# Hidden Body Damage on B15



## estrauss11 (Aug 8, 2002)

Has anyone here dealt with non disclosed body damage done to a B15 Sentra. I have been going back an forth will Nissan Corprate and the Dealership on this issue. Please look at the following web site, and is there anything I can do, besides suing Nissan and the dealership? All of the picures of the car and quotes are in the Photo Gallery.

I hate Security Nissan


----------



## nastynissan (Jan 26, 2003)

Dude... sorry to hear that your gooing through all this BS..... It sounds like your in the right. And I give you Congrats for seeing this through.. Too many companies try to Run over the Little man. Ocassionally someone has to make a BIG fuss for Shit to be right.. See it to the end and GOOD LUCK....


----------



## nastynissan (Jan 26, 2003)

I hope you dont mind but I copied to here for easy reading....

"The reason I decided to create this site is due to the hidden body damage I found on my 2002 Nissan Sentra GXE.

The Story
I bought the vehicle on July 11th, 2002 from Security Nissan, in Woodlawn, Maryland (on the outskirts of Baltimore City).

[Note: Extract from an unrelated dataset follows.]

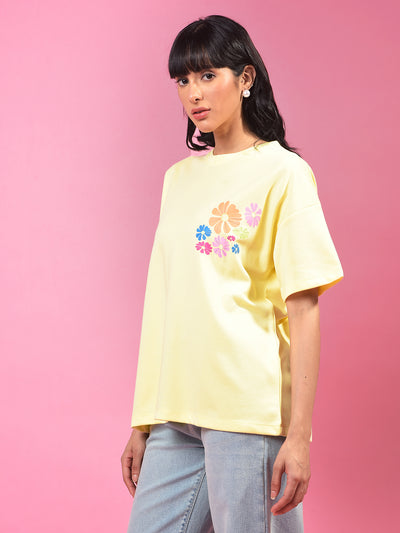 Yellow Floral Print Oversize T-Shirt-Women T-Shirts-Crimsoune Club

I had problems with the climate control system, the vehicle needed a wheel alignment since the vehicle was pulling to the right, and I had a gouge in the right front brake rotor.

On July 15th, 2003, I just came back home from a vacation, I decide to wash the car and check the fluids, since I took the vehicle to Massachusetts. When I opened the hood of the vehicle to check the fluids, I noticed my right front fender bolts were rusting. I was in shock, this was a brand new car it shouldn't be rusting. Then I proceeded by taking the vehicle to Sheehy Nissan, the local Nissan Dealership, they told me it looks like the fender has been off the vehicle, and said I should take the vehicle back to Security Nissan. I then went straight to Security Nissan. The Service Manage said that the fender bolts rusting was a warranty issue. Then my salesperson Stan Mass, took a look and noticed the rough and rusted corner of the Upper Tie Bar. The General Sales Manager David Grasmick then told me he will track down what has happened to vehicle before I bought it.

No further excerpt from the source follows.